This is a lightly edited version of Louise Vale’s tribute given at a virtual memorial.
Good day friends, compatriots, comrades.
Thank you for giving me the chance to celebrate and honour Wara Fana.
Wara was born on 12 March 1976, a tragic year in the history of South Africa when the youth had to take charge of the struggle for freedom and justice for the people. Perhaps this was a foretaste of the kind of life Wara would live – a life dedicated to the continuing battle for this freedom, a freedom that should be concentrated on our youth, the impoverished and the marginalised. And, as a community activist first and a journalist second, Wara worked for the freedom to hold power to account.
Wara started his tertiary education at the University of Transkei where he enrolled for a BCom, proving that a sure way for a student to drop out is for a socialist to enrol for a BCom!
He then went on to Nelson Mandela University to study journalism and media studies. There he and Heather met and, as we all know well, fell deeply in love. She is a warrior woman who has been his partner in all that he has done, was the love of his life and the mother of his beloved children, Lali and Khaya.

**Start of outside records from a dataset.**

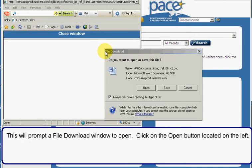This will prompt a file download window to open. Click on the open button located on the left.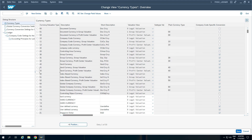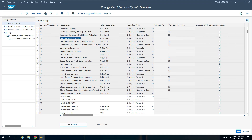These are the standard currency types. For the variation currencies, the underlying plain currency type is also defined. For example, document currency in group valuation is called 01, but the underlying one is 00. Similarly, company code currency type when assigned to 11, which is group valuation, the underlying one is 10. We also have one more column — company code specific conversion — which means whether this currency type can have a separate currency assigned to it per company code or whether it is fixed to one currency across the entire SAP client.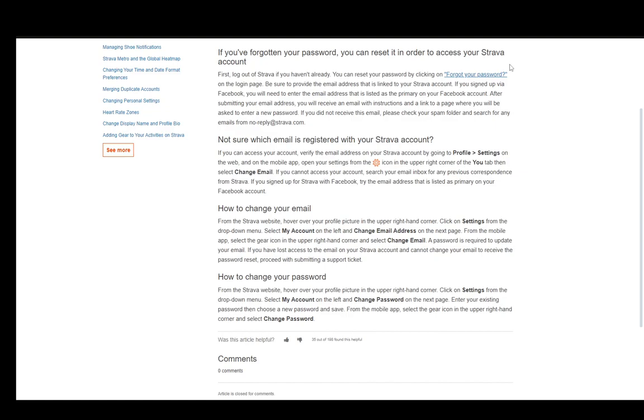If you want to change your password from the website, hover over your profile picture in the upper right-hand corner, click on settings in the drop-down menu, then select my account on the left and change password.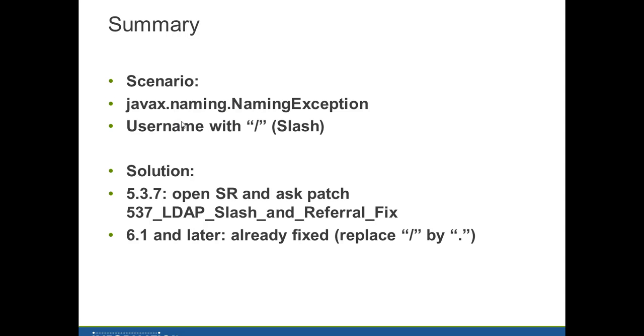You get a javax.naming.NamingException error, LDAP error code 1. The solution for 5.3.7 is to open an SR and ask for patch 537_LDAP_Slash_and_Referral_Fix and copy to the server in the webapp WEB-INF classes directory.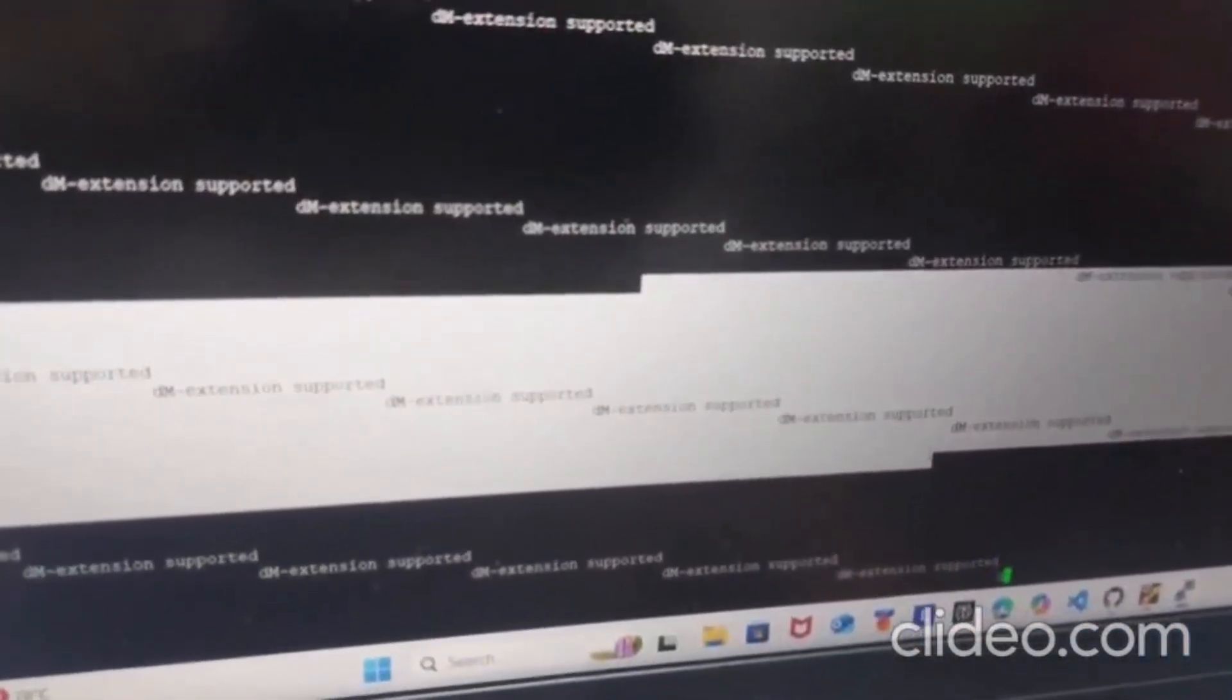You can see we are getting M extension supported repeatedly. As you can see, M extension supported.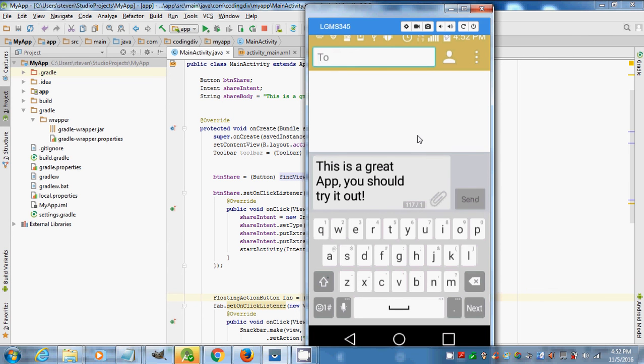And that's how you create a share button in Android Studio. Make sure you subscribe to my channel — Urban Programmer — I'm out.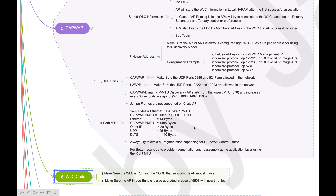The next topic is WLC code. When we talk about AP joining issues, most of the time we miss the compatibility matrix on hardware support for the code we are running on the WLC. All APs are not supported on all releases from Cisco. For example, the latest code like 8.5 will not support 1130 or 1240 APs.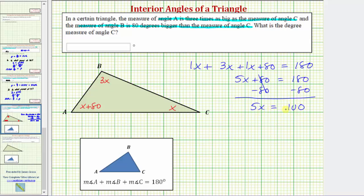The last step is to multiply or divide to solve for x. Because five x means five times x, we divide both sides by five to undo multiplying by five. Dividing by five undoes multiplying by five — five divided by five is one, and one times x is x. So x equals one hundred divided by five, which equals twenty.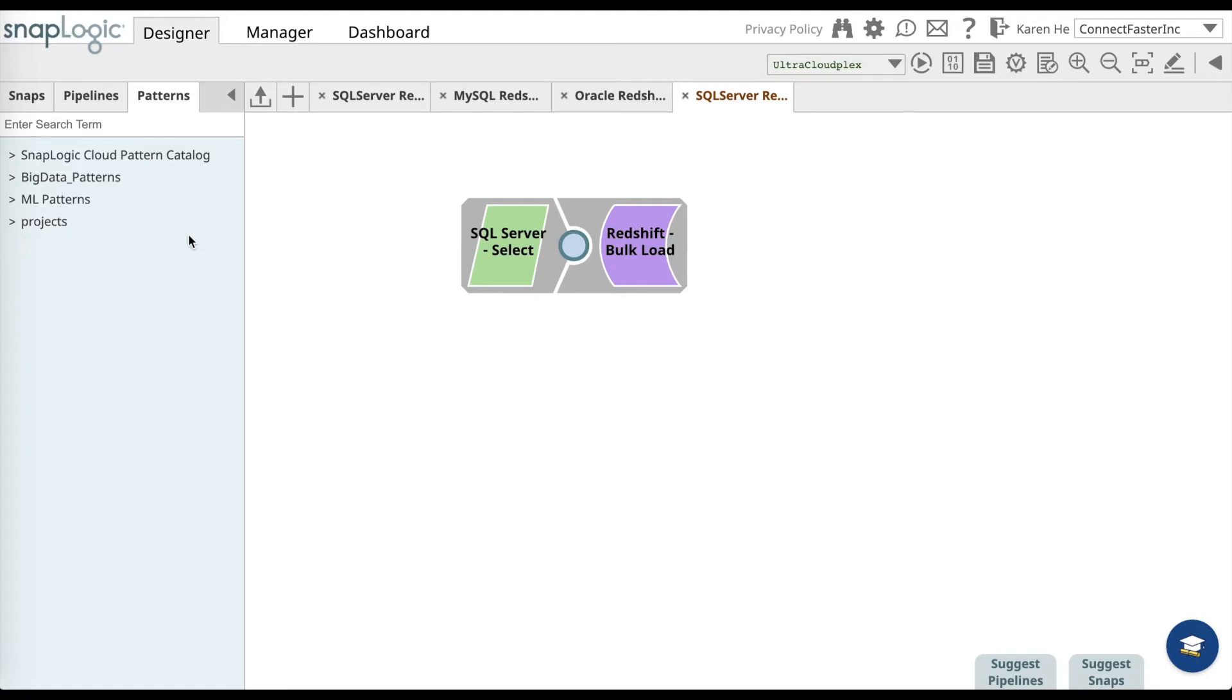Hi, in this video you will learn how to load data from SQL Server to Amazon Redshift.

Khaya and Lali also joined Wara and Heather in acting, for example, against gender-based violence and discrimination, and for the freedom of Palestine.
Wara always had a sense of context and a sharp tongue and one of the last things he said to me from his bed in Livingstone was, “This is a terrible, terrible disease. The headaches are so bad, so bad. I wouldn’t wish this on my worst enemy … But, I don’t think I have any enemies. No, I don’t think I have any enemies. Except perhaps Benjamin Netanyahu … But, no, I wouldn’t even wish it on him.”
After completing their studies at Nelson Mandela University, Wara and Heather returned to Cofimvaba. As you know Wara loved good food and was also a good cook. He wanted to provide good and healthy food to the community, so he began a takeaway business. In the mornings, he would walk around and take orders from businesses and offices, cook and then at lunchtime do the deliveries.
One day, Heather had to leave Lali, then 11 months old, with Wara. Lali strapped to his back and with plates of food in both hands, Wara delivered his orders. Can you just see it, baby on back, food balanced in both hands, laughing and challenging all the way?
Obviously they did not make much money, so in 2007 Heather and Wara closed the takeaway and decided to use the skills they had gained at university. There was no newspaper in their area, so, with the little bit of money they had, they cofounded Skawara Publishers and began producing Skawara News, creating a voice for the community. It was an A4, black and white, photostat product of eight pages. One could say the rest is history, but what a history.
2006 and 2007 were years of unprecedented growth in the formation of Black-owned community newspapers. The Association of Independent Publishers (AIP) was in existence but in dire need of transformation, particularly in the light of this growth. Other organisations purporting to represent and support community media were formed, all controversial and all struggling to find their space. One of these was the Eastern Cape Communication Forum (ECCF) in East London.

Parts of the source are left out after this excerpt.